The six agencies at the top were the Commerce, Justice, State, Treasury, and Homeland Security departments and the Nuclear Regulatory Commission. They averaged 36% occupancy during the study period, although none of them topped 50%.
Net were the Energy, Labor, Interior, and Health and Human Services departments, the U.S. Agency for International Development and the Defense Department’s building at Mark Center in Alexandria, Virginia. Their collective use rate averaged 23%.
The third group included the Education, Transportation and Veterans Affairs departments, the Environmental Protection Agency, the National Aeronautics and Space Administration and the National Science Foundation. Combined, they averaged a 16% use rate.
Finally, at the bottom, were the Agriculture Department, the Social Security Administration, the Office of Personnel Management, the Small Business Administration, the Department of Housing and Urban Development and even the General Services Administration, which serves as the federal government’s landlord. They averaged 9%.

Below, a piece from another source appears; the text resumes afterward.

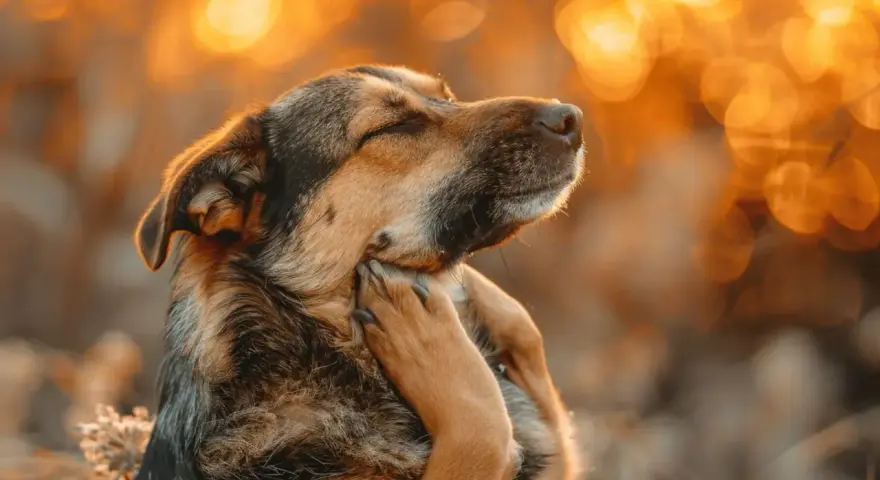 Un chien se gratte le cou, le soleil couchant illumine son pelage. Il a peut-être besoin d'un dermatologue chien.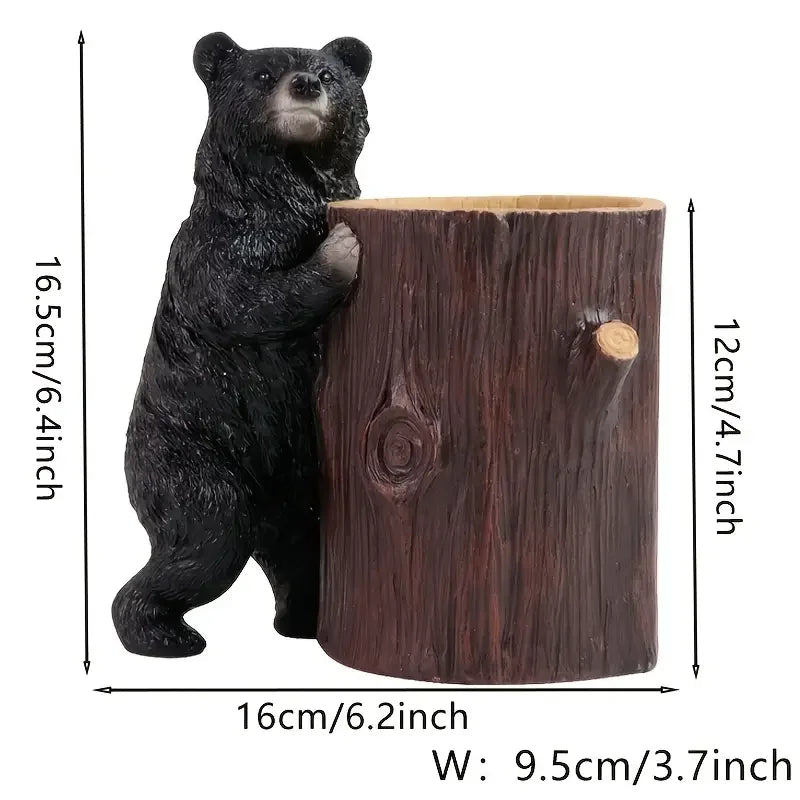 MILDAHJOY Black Bear Resin Pen Holder - Cute Desk Organizer for Makeup Brushes, Pens, and Stationery, Perfect for Home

This is the second damaging report issued by the Biden administration about the absentee level in the federal government.

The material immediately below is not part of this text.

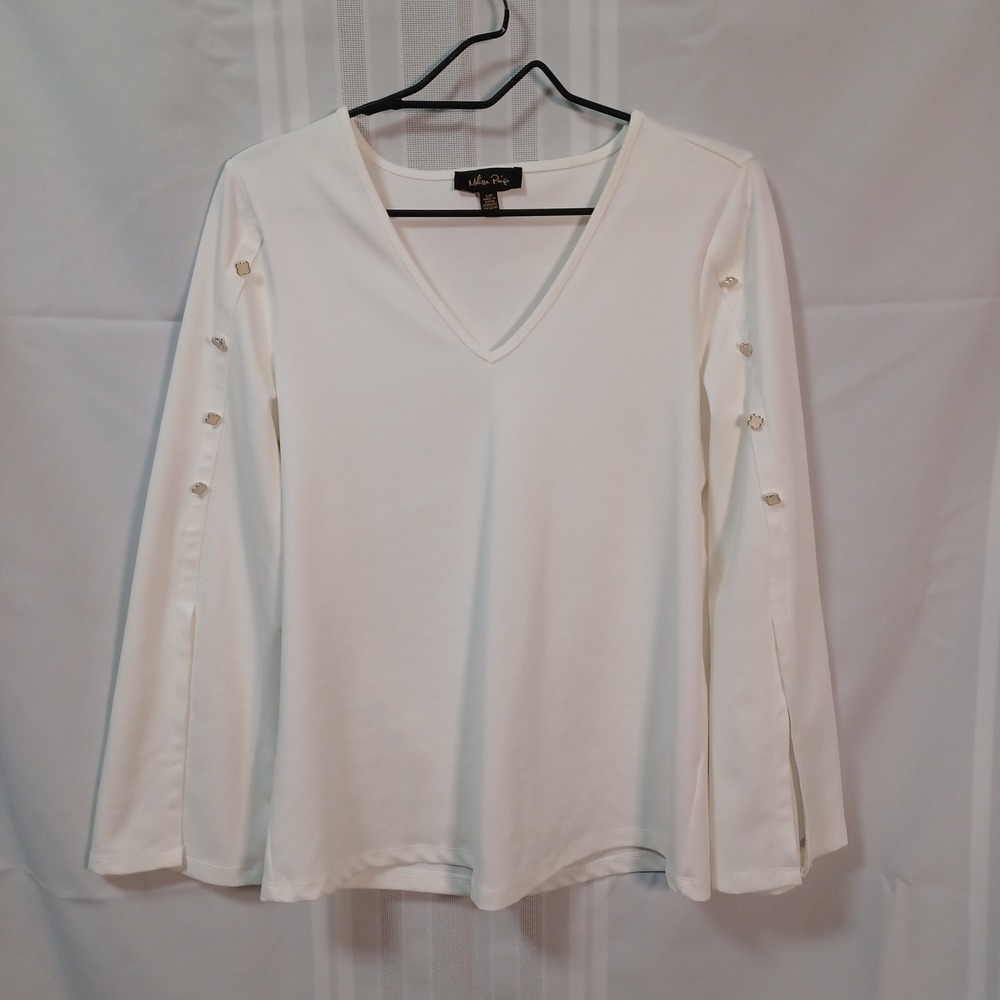 Melissa Paige Blouse Women S White V-Neck Split Sleeve Button Accent Stretch Top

As the Tampa Free Press reported in early October, a watchdog group known as Open the Books issued a report that found eight federal agencies spent $3.3 billion on new furniture from 2020 to 2022, even as none them topped 35% occupancy in that time because of the pandemic.
Open the Books CEO Adam Andrzejewski noted in a statement at the time, “For some reason, we’ve bankrolled another billion dollars in desks, chairs, couches and more — while employees clock in from their own living rooms.”